I am not just being paranoid either. This what I honestly have felt to be our precarious situation for long time, and now someone of substance and stature and, given his terminal condition, nothing to lose by saying it, has said it too. Sooner or later al-Qaeda, Hamas, North Korea commandos or someone such as them is gonna get hold of a suitcase nuke or dump a few barrels of ricin into some major city’s water supply…and well, you get the idea.

I dare anybody to tell this won’t happen. It’s just a matter of when.

Tuesday, July 24, 2007

July 24, 2007 - No Working Class Solidarity Here Guys!




According to this article in the Washington Post, a carpenter's union local outsourced their picket line to paid local homeless types in order to raise its numbers. Sheesh. Not much working class solidarity here, you guys. Outsourcing your own labor struggle is kinda of a tip-off that you either don't have much support for your actions within your own base or the membership feels itself too good for such tasks. Either way though...

"Although their placards identify the picketers as being with the Mid-Atlantic Regional Council of Carpenters" says the article, "they are not union members.

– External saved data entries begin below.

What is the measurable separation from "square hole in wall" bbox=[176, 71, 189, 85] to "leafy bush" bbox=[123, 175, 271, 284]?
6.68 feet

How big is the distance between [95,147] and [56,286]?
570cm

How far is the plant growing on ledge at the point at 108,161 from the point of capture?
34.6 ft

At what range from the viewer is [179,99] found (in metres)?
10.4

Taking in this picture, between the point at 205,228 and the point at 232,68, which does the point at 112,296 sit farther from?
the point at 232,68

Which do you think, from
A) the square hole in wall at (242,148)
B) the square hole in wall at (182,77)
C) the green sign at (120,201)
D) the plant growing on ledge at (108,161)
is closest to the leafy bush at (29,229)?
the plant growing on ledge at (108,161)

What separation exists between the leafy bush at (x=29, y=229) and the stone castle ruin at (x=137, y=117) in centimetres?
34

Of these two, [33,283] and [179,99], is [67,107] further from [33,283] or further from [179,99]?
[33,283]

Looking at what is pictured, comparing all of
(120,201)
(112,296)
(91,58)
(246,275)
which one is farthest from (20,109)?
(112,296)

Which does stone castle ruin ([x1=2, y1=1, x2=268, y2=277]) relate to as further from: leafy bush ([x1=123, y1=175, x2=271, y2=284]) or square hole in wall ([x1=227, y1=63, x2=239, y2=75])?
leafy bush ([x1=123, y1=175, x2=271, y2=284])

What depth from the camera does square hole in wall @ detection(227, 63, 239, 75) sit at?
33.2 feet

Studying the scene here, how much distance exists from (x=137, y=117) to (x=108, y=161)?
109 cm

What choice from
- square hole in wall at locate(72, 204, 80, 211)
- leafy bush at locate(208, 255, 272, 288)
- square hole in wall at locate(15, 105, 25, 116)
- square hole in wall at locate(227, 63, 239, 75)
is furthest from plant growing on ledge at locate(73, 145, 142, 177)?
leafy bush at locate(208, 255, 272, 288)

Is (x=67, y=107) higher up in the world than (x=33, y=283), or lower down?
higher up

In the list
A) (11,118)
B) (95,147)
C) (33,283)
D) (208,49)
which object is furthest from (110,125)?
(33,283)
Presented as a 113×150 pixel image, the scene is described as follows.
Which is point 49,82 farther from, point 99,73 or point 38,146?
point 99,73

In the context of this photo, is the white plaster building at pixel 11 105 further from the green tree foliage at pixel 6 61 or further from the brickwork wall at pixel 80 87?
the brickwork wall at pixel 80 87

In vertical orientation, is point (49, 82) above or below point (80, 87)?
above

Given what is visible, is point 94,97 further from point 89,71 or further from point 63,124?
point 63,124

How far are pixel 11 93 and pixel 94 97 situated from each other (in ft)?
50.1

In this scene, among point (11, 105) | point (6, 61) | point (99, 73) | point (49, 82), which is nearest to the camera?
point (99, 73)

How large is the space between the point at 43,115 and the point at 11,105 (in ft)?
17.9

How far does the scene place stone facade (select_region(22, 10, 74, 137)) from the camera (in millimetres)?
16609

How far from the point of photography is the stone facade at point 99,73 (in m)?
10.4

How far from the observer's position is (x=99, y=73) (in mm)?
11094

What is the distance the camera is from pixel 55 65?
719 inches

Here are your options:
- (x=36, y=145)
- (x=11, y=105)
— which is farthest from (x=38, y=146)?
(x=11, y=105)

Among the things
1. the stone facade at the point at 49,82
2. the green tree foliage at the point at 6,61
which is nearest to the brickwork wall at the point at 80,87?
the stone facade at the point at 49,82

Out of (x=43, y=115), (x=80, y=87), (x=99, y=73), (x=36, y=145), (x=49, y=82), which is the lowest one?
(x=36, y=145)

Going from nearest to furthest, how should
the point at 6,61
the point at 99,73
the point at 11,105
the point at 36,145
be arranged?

They're hired feet, or, as the union calls them, temporary workers, paid $8 an hour to picket. Many were recruited from homeless shelters or transitional houses. Several have recently been released from prison. Others are between jobs. ‘It's about the cash," said Tina Shaw, 44, who lives in a House of Ruth women's shelter and has walked the line at various sites. 'We're against low wages, but I'm here for the cash.' Carpenters locals across the country are outsourcing their picket lines, hiring the homeless, students, retirees and day laborers to get their message across. Larry Hujo, a spokesman for the Indiana-Kentucky Regional Council of Carpenters, calls it a 'shift in the paradigm' of picketing."

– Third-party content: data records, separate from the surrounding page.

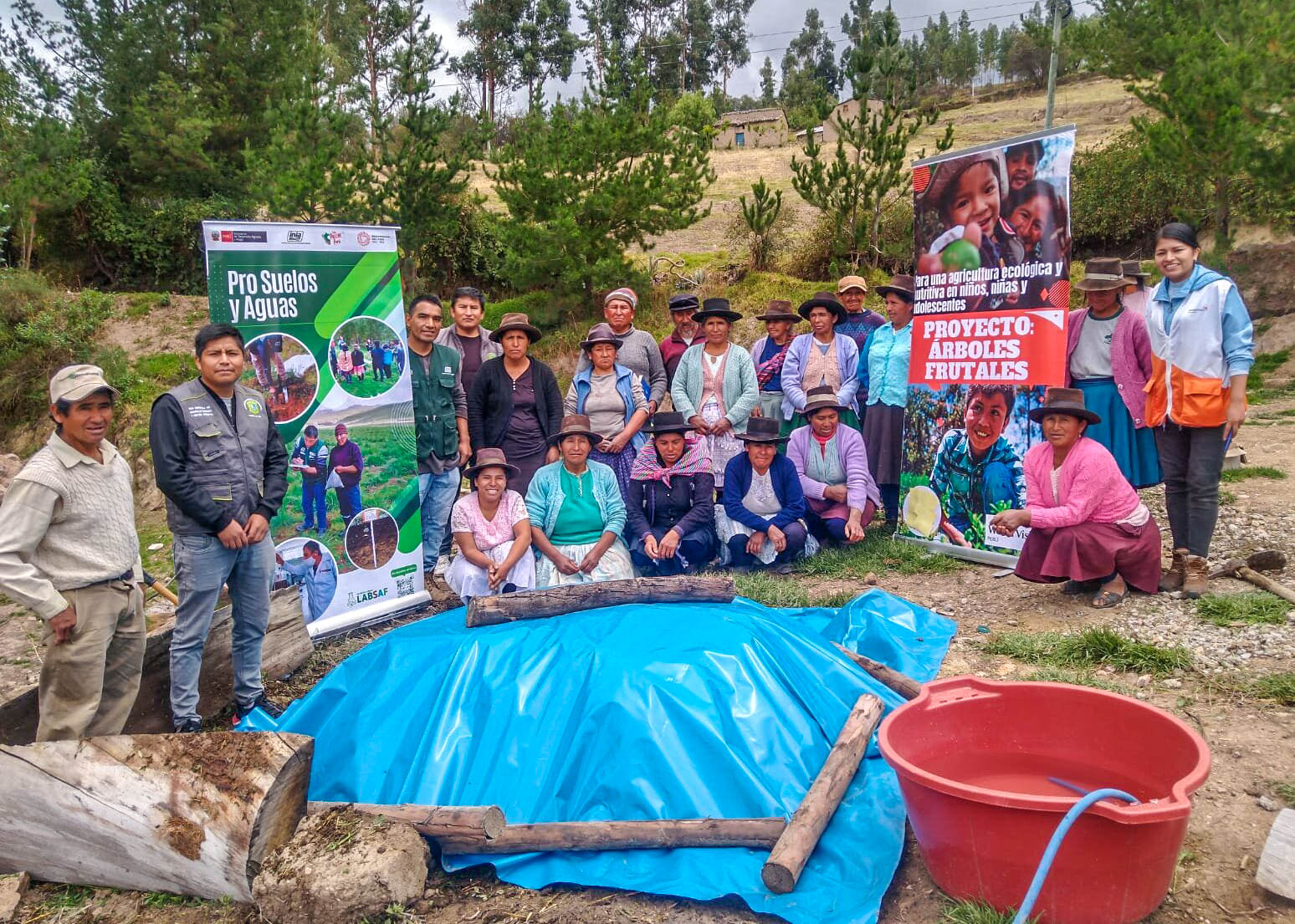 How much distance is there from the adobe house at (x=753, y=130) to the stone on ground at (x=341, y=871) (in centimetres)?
3634

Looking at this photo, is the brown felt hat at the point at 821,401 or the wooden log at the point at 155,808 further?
the brown felt hat at the point at 821,401

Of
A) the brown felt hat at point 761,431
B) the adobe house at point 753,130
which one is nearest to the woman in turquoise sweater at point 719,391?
the brown felt hat at point 761,431

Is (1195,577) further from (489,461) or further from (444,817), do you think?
(444,817)

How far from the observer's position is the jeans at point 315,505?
522cm

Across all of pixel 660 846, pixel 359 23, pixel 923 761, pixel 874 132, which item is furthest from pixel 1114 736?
pixel 359 23

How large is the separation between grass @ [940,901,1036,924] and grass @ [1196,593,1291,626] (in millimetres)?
2717

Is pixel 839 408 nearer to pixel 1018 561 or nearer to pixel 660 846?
Result: pixel 1018 561

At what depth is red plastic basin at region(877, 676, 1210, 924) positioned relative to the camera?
2.35 m

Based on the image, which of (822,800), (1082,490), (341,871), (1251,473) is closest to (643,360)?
(1082,490)

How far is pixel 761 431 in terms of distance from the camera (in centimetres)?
585

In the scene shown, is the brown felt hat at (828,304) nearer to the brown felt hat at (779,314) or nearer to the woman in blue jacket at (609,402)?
the brown felt hat at (779,314)

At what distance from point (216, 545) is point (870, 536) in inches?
170

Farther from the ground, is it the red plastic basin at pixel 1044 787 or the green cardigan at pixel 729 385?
the green cardigan at pixel 729 385

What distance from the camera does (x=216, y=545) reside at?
4.03 metres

Unions suck in this country. They actually operate more as labor agencies whose sole purpose is fiduciary; that is to say, to get their members the best possible deal on wages, benefits, and working conditions, and give short shrift to the concept of class struggle and labor solidarity. That however should be their main purpose; elevating the condition and power of the working class. And which is how the unions act in Europe and most other places. In America though the political dimension of class struggle has totally escaped the often corrupt and always politically oblivious labor union leadership.




Wednesday, July 18, 2007

July 18_2007 - I Think Reformists Are Wrong


I was surprised to read Glen Allport's column on Strike the Root yesterday wherein he lays out all the ways that political parties, special interest groups, ideologues, mercantilists, and the rest of the running dogs of statism, screw up liberal democratic governance, and then goes on to endorse the candidacy of a statist politician in an election in order to "fix" it all! Go figure? The real problem with state governance is the state itself; who runs it and how hardly matters. That has been my conclusion based on my own historical analysis, anyhow. It really surprised me that the STR publisher would post such an article given STR's stated position on such matters.

Reformism is a waste of time. In the end, when the bourgeoisie finally conclude that they can't dominate the political process any longer, they will undoubtedly turn toward fascism to maintain control and retain their privileges. That is what they've always done in the past.